A pair of DeepMind researchers have won the 2024 Nobel Prize in Chemistry


A day after recognizing former Google vice president and engineering fellow Geoffrey Hinton for his contributions to the field of physics, the Royal Swedish Academy of Sciences has honored a pair of current Google employees. On Wednesday, DeepMind CEO Demis Hassabis and senior research scientist John Jumper won half of the 2024 Nobel Prize in Chemistry, with the other half going to David Baker, a professor at the University of Washington.
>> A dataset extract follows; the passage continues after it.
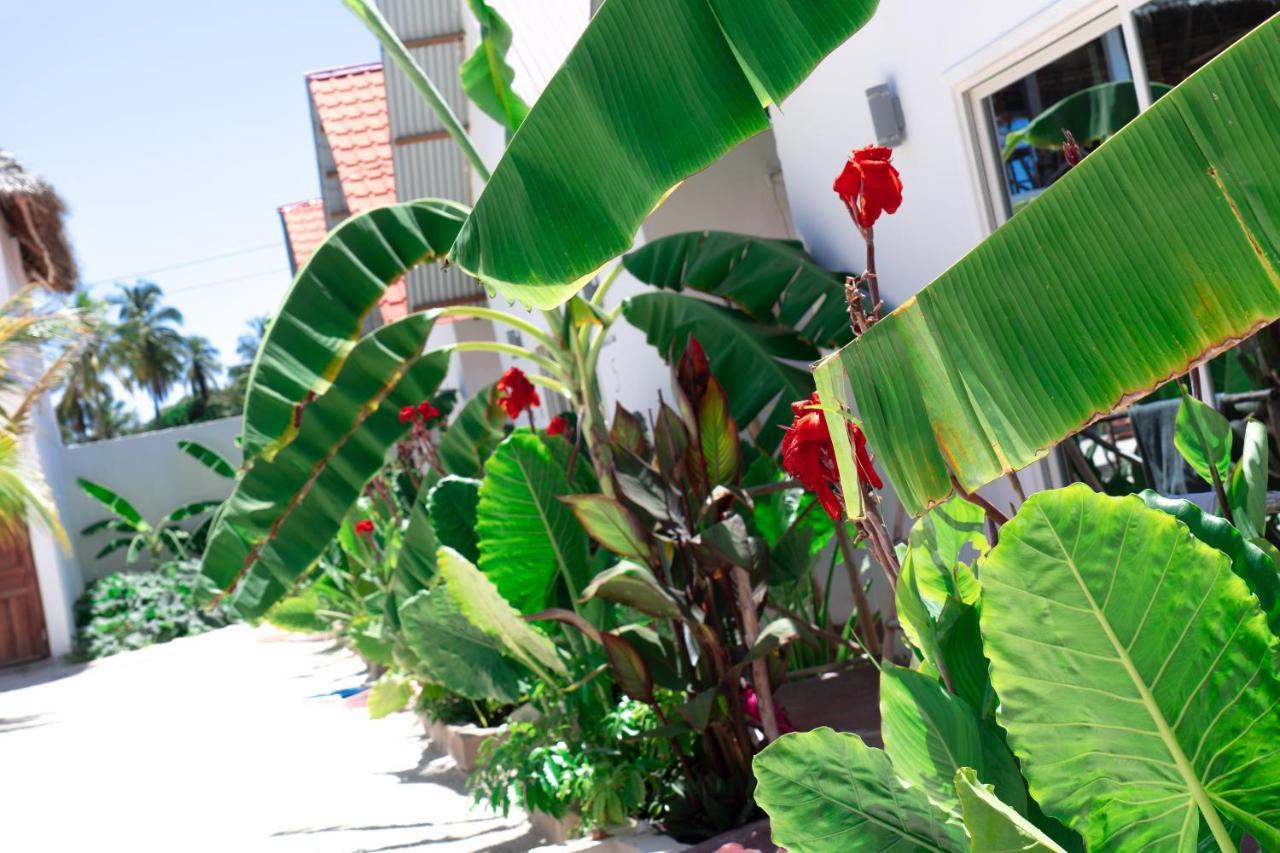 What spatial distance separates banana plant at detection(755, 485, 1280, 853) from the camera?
6.20 feet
If there’s a theme to the 2024 Nobel Prize in Chemistry, it’s proteins. Baker, Hassabis and Jumper all advanced our understanding of those essential building blocks of life that are responsible for functions both inside and outside the human body. The Nobel Committee cited Baker’s seminal work in computational protein design. Since 2003, Baker and his research team have been using amino acids and computers to design entirely new proteins. In turn, those chemicals have contributed to the creation of pharmaceuticals, vaccines, nanomaterials and more.

As for Hassabis and Jumper, their work, and that of the entire DeepMind team, on AlphaFold 2 led to a generational breakthrough. Since the 1970s, scientists have been trying to find a way to predict a protein’s final, folded structure based solely on the amino acids that form its constituent parts. With AlphaFold 2, DeepMind created an AI algorithm that could do just that. Since 2020, the software has been able to successfully predict the structure of 200 million proteins, or nearly every one known to researchers.

“One of the discoveries being recognized this year concerns the construction of spectacular proteins. The other is about fulfilling a 50-year-old dream: predicting protein structures from their amino acid sequences,” said Heiner Linke, chair of the Nobel Committee for Chemistry. “Both of these discoveries open up vast possibilities.”

More broadly, the 2024 Nobel Prizes highlight the growing importance of artificial intelligence in modern science. Moving forward, it’s safe to say advanced algorithms will be essential to future scientific discoveries and breakthroughs.